== Segment start ==

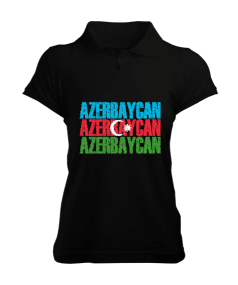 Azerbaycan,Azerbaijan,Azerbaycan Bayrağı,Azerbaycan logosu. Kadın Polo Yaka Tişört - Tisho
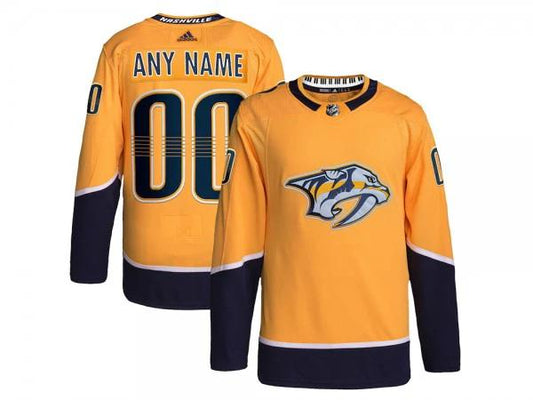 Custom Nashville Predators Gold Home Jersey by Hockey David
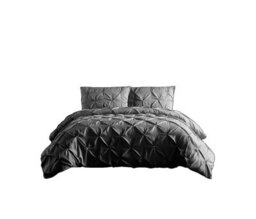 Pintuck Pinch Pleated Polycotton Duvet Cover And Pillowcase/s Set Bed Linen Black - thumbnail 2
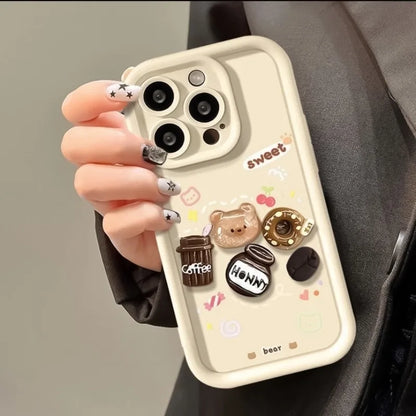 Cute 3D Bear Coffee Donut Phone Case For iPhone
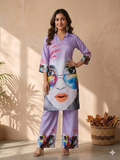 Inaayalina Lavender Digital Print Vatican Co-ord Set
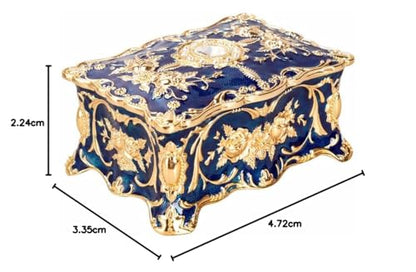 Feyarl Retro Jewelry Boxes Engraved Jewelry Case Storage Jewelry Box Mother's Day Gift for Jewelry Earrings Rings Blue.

== Segment end ==
== Segment start ==

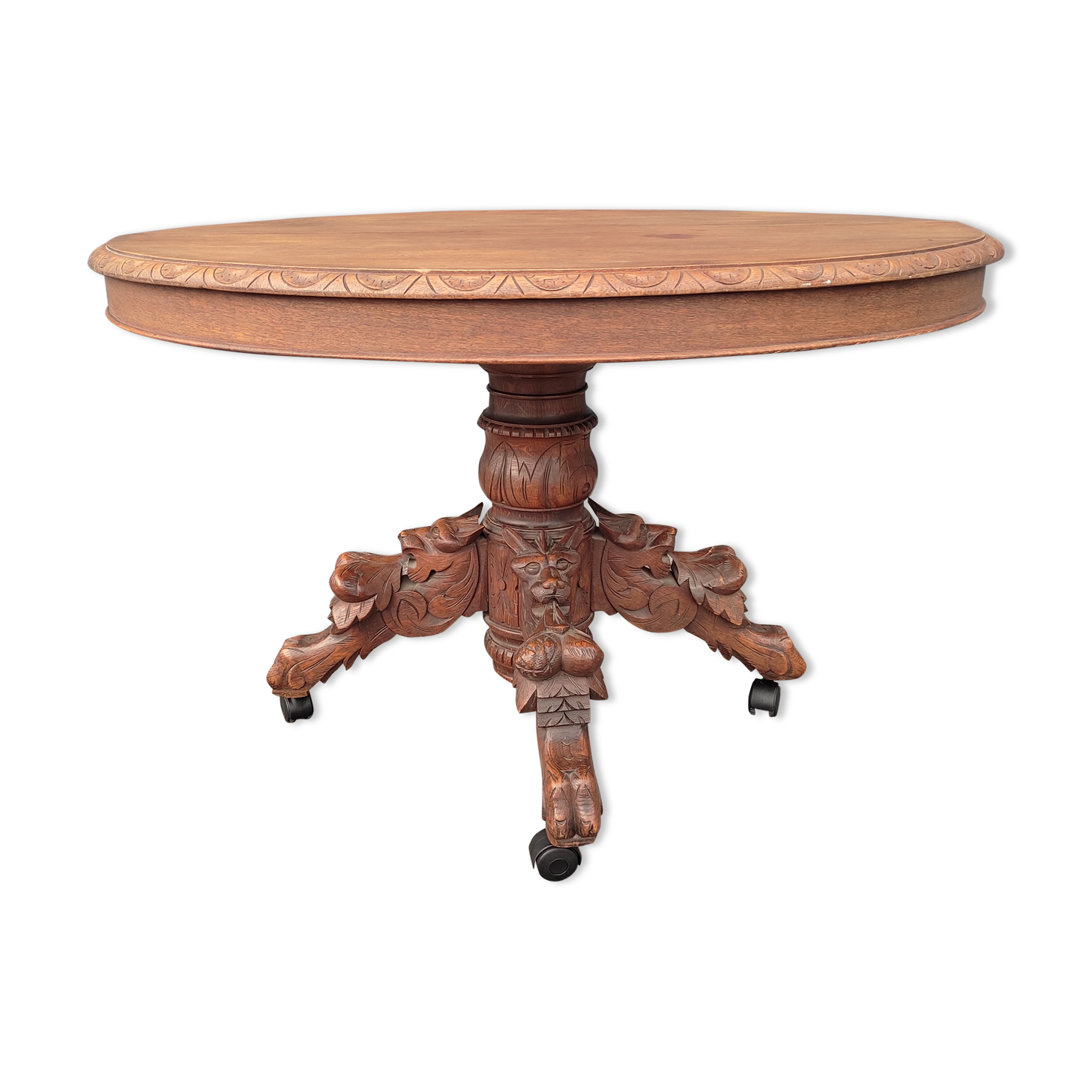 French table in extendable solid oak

== Segment end ==

**Task item:** Transcribe, exactly and without pictures, everything in the data from the line with "Azerbaycan,Azerbaijan,Azerbaycan Bayrağı,Azerbaycan logosu." down to the line with "Cute 3D Bear", both included.

**Task response:**
 Azerbaycan,Azerbaijan,Azerbaycan Bayrağı,Azerbaycan logosu. Kadın Polo Yaka Tişört - Tisho
 Custom Nashville Predators Gold Home Jersey by Hockey David
 Pintuck Pinch Pleated Polycotton Duvet Cover And Pillowcase/s Set Bed Linen Black - thumbnail 2
 Cute 3D Bear Coffee Donut Phone Case For iPhone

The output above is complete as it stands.